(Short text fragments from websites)

--

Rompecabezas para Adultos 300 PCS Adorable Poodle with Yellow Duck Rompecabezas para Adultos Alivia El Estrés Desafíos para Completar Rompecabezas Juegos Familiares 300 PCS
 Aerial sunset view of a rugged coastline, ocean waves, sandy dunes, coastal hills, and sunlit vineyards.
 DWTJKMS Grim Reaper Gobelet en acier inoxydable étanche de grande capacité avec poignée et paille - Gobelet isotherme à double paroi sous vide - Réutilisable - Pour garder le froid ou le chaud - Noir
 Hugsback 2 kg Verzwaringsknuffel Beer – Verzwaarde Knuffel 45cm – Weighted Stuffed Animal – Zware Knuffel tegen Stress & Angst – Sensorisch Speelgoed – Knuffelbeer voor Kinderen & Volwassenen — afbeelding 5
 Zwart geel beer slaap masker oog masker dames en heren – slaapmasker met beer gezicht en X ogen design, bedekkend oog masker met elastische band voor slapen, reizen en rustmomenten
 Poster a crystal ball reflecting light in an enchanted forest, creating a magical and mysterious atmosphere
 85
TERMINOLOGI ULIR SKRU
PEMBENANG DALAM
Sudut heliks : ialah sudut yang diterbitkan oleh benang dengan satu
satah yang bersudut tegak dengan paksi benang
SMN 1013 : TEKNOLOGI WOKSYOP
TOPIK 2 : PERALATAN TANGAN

--

Reproduce the lines from the one containing "PEMBENANG DALAM" to the end of the entries, keeping both ends and adding nothing.

PEMBENANG DALAM
Sudut heliks : ialah sudut yang diterbitkan oleh benang dengan satu
satah yang bersudut tegak dengan paksi benang
SMN 1013 : TEKNOLOGI WOKSYOP
TOPIK 2 : PERALATAN TANGAN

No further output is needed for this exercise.